Несчастные смертные, сколько трудов прилагаете вы, в беспощадной борьбе изничтожая друг друга, чтобы добиться счастья на этой земле, не сознавая того, что нельзя добиться счастья на этом "торжестве денег". Конечно, каждый из трехсот бдительно и зорко наблюдает за действиями черни, и все-таки никто из них не может сравниться со Сципионом-Американцем в подавлении ее волнений. Разумеется, все это ни в коей мере не способствует консолидации революционных сил.
Глава первая. ПАТРУЛИЗМ
Нет, друзья, эта революция не из тех, которые что-либо могут упрочить. Разве пожары, лихорадки, посевы, химические смеси, люди, события -- все воплощения силы, которая составляет этот чудесный комплекс сил, называемый Вселенной, не продолжают усиливаться, проходя свои естественные фазы и ступени развития, каждая в соответствии с собственными законами; не достигают ли они своей вершины, а затем видимого упадка, наконец, пропадают, исчезают и, как мы называем, умирают? Они развиваются; нет ничего, что бы не развивалось, не росло в присущих ему формах, раз оно получило возможность расти. Отметьте также, что все растет со скоростью, пропорциональной в целом заложенным в нем безумию и нездоровью; медленный, последовательный рост, который, конечно, тоже кончается смертью, - это то, что мы называем здоровьем и здравомыслием.

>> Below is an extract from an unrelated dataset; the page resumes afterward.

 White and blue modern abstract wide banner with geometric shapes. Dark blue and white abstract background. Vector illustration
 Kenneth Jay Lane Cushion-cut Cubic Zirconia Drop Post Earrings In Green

Санкюлотизм, который поверг Бастилию, который обзавелся пиками и ружьями, а теперь сжигает замки, принимает резолюции, произносит речи под крышами или под открытым небом, пустил, можно сказать, ростки и по законам природы должен расти. Если судить по безумию и нездоровью, присущим как ему самому, так и почве, на которой он взрастает, можно ожидать, что скорость и чудовищность его роста будут чрезвычайны.
Многое, особенно все больное, растет толчками и скачками. Первый большой толчок и скачок санкюлотизма был совершен в день покорения Парижем своего короля - риторическая фигура Байи была слишком печальной реальностью. Король был покорен и отпущен под честное слово на условиях, так сказать, исключительно хорошего поведения, что в данных обстоятельствах, к несчастью, означало отсутствие всякого поведения. Совершенно нетерпимое положение: король поставлен в зависимость от своего хорошего поведения! Увы, разве это не естественно, чтобы все живое стремилось сохранить жизнь? Поэтому поведение Его Величества вскоре станет предосудительным, а следовательно, недалек и второй большой скачок санкюлотизма, а именно взятие короля под стражу.